The government claims that this bill will provide Telstra with access to the wireless spectrum required for the next generation of wireless systems but does so only if the separation of Telstra is done to the absolute satisfaction of government. This goes to the very matter that I raised at the outset of my speech—that is, that it is, effectively, akin to the government holding a gun to the head of Telstra and, I believe more importantly, to the shareholders and owners of Telstra, many of whom live on the Gold Coast in my electorate of Moncrieff.

We have proposed four amendments which we believe, effectively, guarantee the integrity of the separation process by reducing opportunities for government interference in the decision-making processes of the ACCC. Subject to approval by Telstra shareholders, the proposed separation should be delivered in a manner that is cost effective, promotes competition and imposes no greater cost on taxpayers than is absolutely necessary. That is a relatively straightforward proposal which is worthy of support in this chamber. Telstra, like other regulated utilities such as gas, electricity and water, should of course be left free to charge prices that deliver a reasonable rate of return on its assets. This can be achieved through the amendments that have been put forward, which will place taxpayer interests ahead of those of Telstra, NBN Co. and the government.

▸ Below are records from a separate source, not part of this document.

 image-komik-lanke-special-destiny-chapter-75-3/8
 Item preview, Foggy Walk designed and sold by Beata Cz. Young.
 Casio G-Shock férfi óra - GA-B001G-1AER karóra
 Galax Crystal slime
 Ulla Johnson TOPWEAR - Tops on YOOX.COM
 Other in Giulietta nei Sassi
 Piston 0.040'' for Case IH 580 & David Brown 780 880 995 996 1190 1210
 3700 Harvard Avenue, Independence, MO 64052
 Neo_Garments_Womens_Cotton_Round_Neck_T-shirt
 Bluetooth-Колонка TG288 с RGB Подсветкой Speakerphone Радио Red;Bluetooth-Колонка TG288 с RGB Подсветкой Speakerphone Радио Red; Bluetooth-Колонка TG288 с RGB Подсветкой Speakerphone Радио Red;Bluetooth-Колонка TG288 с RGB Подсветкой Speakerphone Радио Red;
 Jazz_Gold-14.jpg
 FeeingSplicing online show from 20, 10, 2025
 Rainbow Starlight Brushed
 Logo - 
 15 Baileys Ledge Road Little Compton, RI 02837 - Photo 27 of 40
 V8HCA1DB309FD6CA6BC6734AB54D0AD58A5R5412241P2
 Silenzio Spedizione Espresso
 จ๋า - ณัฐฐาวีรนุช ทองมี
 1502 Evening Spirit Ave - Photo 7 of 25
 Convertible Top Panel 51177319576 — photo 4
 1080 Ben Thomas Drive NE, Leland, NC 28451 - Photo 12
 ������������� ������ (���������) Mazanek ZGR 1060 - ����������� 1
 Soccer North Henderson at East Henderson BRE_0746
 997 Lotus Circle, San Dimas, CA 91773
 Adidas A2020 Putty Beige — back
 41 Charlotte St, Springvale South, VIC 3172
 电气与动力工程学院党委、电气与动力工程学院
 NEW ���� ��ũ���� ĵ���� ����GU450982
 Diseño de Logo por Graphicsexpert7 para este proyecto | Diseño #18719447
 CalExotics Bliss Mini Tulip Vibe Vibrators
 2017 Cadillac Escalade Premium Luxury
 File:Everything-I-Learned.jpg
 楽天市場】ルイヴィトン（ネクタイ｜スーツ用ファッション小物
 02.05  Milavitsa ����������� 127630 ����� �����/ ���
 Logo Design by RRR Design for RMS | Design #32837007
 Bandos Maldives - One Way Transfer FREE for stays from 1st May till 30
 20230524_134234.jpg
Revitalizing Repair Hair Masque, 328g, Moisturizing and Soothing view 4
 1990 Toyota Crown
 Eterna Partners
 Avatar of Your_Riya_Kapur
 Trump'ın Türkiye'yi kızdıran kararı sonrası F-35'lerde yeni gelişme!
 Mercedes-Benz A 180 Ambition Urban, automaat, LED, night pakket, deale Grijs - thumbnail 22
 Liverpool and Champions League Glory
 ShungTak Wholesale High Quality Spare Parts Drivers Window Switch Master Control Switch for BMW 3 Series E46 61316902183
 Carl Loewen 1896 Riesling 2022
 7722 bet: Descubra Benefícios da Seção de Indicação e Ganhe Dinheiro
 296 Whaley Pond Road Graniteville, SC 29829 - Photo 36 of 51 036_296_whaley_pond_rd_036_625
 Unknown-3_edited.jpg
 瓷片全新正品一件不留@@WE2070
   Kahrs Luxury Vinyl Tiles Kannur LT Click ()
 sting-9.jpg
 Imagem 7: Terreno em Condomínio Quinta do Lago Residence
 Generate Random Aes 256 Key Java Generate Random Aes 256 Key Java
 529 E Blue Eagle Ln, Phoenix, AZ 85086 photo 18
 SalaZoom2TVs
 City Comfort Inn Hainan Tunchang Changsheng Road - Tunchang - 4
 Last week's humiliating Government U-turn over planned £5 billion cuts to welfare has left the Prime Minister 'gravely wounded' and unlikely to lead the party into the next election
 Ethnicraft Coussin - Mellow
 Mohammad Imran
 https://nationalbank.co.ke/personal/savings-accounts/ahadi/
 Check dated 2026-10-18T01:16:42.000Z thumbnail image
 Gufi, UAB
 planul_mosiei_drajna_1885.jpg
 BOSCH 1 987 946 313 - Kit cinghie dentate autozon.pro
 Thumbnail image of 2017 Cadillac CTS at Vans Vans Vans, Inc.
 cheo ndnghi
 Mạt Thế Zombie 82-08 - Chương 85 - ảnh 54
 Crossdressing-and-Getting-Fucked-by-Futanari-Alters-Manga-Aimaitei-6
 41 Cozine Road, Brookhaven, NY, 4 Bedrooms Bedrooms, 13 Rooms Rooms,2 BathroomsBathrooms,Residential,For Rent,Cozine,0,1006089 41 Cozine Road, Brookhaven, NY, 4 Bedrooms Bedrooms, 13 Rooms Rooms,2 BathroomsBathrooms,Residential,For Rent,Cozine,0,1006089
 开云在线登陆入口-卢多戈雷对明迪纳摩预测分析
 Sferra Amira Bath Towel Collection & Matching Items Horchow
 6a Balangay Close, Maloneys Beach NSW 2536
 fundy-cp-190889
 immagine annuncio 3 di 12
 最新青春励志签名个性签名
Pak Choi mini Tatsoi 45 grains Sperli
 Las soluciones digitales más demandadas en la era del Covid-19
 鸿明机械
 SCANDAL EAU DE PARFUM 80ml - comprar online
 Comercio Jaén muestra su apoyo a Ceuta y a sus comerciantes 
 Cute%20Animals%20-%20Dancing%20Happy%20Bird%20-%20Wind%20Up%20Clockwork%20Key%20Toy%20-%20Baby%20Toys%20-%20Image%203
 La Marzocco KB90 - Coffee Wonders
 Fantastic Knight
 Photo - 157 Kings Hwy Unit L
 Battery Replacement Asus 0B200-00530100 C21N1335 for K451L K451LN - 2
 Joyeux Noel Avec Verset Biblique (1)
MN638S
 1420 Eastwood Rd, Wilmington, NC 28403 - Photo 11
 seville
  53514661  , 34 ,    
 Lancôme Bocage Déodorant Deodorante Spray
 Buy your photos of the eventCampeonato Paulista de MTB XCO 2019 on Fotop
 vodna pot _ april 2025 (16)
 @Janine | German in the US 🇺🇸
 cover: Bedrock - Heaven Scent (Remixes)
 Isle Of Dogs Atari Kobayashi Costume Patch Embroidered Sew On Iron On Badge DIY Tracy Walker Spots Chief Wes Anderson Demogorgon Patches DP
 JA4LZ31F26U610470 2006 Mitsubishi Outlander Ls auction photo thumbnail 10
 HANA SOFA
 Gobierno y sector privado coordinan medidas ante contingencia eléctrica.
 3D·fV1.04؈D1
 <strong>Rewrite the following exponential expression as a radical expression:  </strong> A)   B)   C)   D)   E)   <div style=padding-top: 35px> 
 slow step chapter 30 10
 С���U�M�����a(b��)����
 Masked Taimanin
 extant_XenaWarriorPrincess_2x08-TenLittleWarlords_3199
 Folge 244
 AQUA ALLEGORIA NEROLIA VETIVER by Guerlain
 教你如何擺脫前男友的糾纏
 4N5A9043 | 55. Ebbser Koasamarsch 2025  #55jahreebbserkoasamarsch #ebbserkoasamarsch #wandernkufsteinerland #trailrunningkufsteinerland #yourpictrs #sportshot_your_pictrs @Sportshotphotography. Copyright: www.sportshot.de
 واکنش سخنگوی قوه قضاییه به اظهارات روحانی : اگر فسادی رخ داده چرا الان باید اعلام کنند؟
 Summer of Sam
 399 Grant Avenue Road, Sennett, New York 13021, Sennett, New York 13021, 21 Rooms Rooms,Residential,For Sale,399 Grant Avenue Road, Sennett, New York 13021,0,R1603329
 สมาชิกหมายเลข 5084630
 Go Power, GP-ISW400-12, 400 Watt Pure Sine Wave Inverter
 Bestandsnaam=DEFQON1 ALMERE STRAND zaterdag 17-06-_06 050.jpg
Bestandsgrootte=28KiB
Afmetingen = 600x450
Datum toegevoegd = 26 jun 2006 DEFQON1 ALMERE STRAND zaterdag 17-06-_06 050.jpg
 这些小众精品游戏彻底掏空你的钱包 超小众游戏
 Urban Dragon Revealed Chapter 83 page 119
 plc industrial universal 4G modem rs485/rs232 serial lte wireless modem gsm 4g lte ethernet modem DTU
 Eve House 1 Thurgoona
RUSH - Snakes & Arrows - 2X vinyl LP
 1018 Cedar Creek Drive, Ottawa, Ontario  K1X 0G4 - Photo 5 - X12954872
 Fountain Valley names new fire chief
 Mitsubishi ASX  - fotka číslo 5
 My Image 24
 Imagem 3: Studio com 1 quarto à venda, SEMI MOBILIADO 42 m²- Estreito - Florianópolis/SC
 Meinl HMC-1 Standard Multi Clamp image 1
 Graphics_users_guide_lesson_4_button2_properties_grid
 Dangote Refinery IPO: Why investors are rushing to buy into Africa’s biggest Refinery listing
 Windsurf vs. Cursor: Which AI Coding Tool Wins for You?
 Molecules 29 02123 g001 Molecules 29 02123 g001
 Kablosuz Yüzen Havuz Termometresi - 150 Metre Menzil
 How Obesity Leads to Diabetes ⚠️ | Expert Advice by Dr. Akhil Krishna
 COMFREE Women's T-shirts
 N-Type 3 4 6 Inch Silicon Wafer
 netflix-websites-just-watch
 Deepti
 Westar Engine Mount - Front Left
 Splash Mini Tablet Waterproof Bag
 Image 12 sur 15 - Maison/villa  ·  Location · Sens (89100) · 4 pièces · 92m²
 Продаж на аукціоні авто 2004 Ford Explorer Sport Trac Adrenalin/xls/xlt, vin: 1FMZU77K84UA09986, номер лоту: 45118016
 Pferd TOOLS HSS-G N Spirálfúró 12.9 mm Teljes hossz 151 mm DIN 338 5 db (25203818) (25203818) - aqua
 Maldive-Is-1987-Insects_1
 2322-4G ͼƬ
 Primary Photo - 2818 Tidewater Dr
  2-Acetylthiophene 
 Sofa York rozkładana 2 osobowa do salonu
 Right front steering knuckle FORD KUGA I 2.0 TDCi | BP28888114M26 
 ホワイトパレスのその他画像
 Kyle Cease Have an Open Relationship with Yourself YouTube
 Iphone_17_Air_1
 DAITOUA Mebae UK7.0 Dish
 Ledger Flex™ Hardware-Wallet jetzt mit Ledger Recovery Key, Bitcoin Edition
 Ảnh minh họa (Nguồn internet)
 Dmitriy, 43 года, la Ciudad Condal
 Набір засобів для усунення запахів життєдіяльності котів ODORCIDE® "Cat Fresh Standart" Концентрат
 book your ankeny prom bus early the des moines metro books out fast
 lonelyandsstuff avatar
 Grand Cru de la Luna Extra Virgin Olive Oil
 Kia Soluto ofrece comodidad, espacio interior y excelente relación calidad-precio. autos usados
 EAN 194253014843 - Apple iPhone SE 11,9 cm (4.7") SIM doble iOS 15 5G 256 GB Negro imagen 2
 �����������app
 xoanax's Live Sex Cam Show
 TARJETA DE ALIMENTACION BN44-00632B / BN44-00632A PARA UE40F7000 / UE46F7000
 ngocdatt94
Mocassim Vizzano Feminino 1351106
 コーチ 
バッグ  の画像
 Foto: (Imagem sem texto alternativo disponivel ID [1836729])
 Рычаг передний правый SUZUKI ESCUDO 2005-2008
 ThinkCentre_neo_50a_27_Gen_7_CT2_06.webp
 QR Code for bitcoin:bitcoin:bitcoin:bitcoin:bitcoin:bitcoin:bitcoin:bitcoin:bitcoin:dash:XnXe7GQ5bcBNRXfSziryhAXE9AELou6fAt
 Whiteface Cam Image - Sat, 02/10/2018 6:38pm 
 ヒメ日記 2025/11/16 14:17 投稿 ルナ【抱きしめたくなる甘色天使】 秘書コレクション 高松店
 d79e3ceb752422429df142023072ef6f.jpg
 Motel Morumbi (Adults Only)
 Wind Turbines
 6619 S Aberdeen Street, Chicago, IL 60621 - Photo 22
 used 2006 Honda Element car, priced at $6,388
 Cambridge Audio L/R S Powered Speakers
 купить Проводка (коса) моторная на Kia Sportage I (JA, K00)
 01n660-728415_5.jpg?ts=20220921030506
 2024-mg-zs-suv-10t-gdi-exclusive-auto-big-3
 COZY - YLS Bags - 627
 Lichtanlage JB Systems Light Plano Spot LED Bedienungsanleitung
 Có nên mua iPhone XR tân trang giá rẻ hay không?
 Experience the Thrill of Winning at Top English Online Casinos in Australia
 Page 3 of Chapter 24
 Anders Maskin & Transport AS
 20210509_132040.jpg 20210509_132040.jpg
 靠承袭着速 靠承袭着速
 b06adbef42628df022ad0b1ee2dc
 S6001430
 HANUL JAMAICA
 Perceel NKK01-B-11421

We know that this government is obsessed with the need to roll out its NBN Co. It is a linchpin for this government, whose members wander round Australia trumpeting NBN Co. as the great new, almost Soviet-era style project of this government, promising rapid broadband to everyone, with no mention of the asterisks and all the associated costs and no mention of the debt that this government has racked up as part of its grand vision for broadband in this country. That is why we say, through the amendments that we have put forward: let us put the interests of taxpayers first and foremost.

The amendments will explicitly ensure that the Competition and Consumer Act applies to the NBN Co. and Telstra deal. The amendments will allow parliament to disallow ministerial directions to the ACCC regarding the NBN Co. and Telstra deal. The amendments will remove the threat of cable television sell-off or limited access to wireless spectrum should Telstra not separate in a way that the government approves, which goes back to the issue about there being a gun at the head of Telstra management and, importantly, Telstra shareholders. And the amendments will restore merit reviews and procedural fairness to the ACCC’s enforcement of the new access pricing regime.

These amendments ought to be supported by the government. They are amendments that place taxpayers’ interests at No. 1 on the list. They are amendments that protect the capital that has been invested by those million-plus shareholders across Australia and, importantly, they dilute this government’s complete absorption when it comes to the political pursuit of its NBN Co. at basically any cost. It should be watered down. It should be diluted. And it should be replaced by a primary interest that is more concerned with taxpayers’ outcomes and shareholders’ outcomes over and above the political outcomes sought by government. I certainly urge the House to support the amendments to this bill that the coalition will put forward.